Recently, a state appellate court issued an opinion in a personal injury case discussing the admissibility of the plaintiff’s proposed expert-witness testimony. The case raised an important issue that many Florida personal injury plaintiffs face when dealing with concepts that are beyond the scope of the common understanding of jurors and require an expert’s testimony.
The Facts of the Case
The plaintiff and her infant son were involved in an accident when a northbound semi-truck made a left in front of the plaintiff’s southbound vehicle. The plaintiff’s car crashed into the side of the semi-truck, and became wedged underneath the truck. The plaintiff filed a product liability lawsuit against the manufacturer of the trailer, arguing that her injuries were made worse by the fact that the truck did not have a side-underride guard. One of the elements the plaintiffs needed to establish to prove their case was whether there was “an alternative safer design” that was “practical under the circumstances.”

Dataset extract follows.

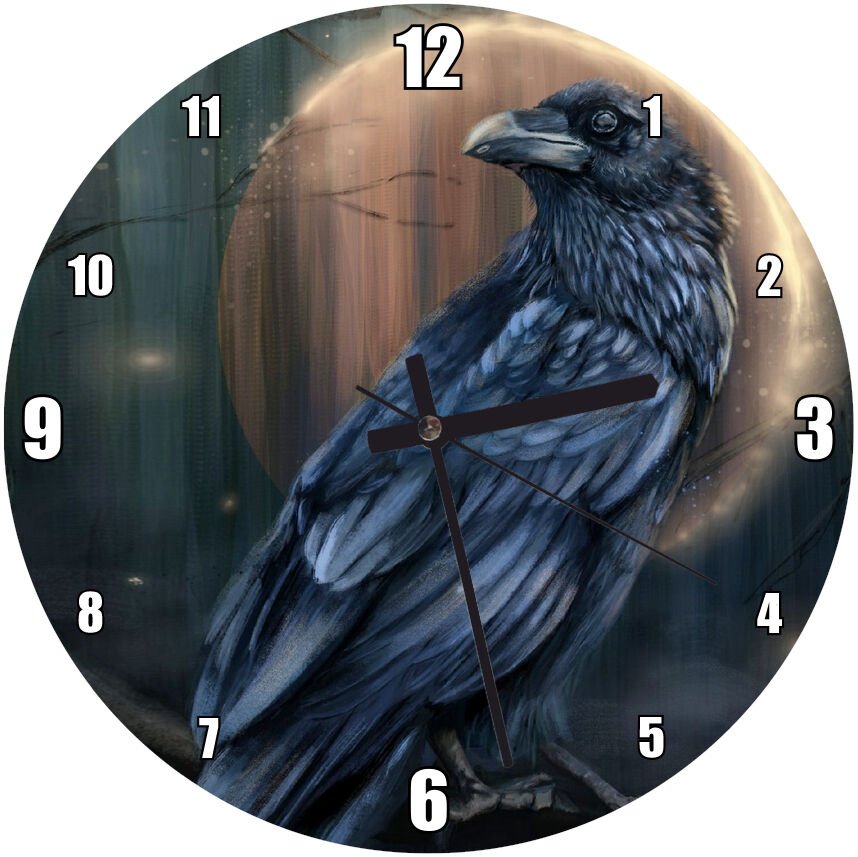 Karga ve Ay Tutulması Dijital Çizim  Mdf Ahşap Duvar Saati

The plaintiff arranged to have two experts testify that, had the manufacturer installed telescoping side-underride guards, her vehicle would not likely have been wedged underneath the truck. While side-underride guards have existed for some time, telescoping side-underride guards have not yet been manufactured and have only been tested through computer simulations. Notably, due to the nature of the accident, the opinion of the plaintiff’s experts was that only a telescoping side-underride guard would have prevented or reduced the plaintiff’s injuries. This was due to the positioning of the truck’s rear axle at the time of the accident.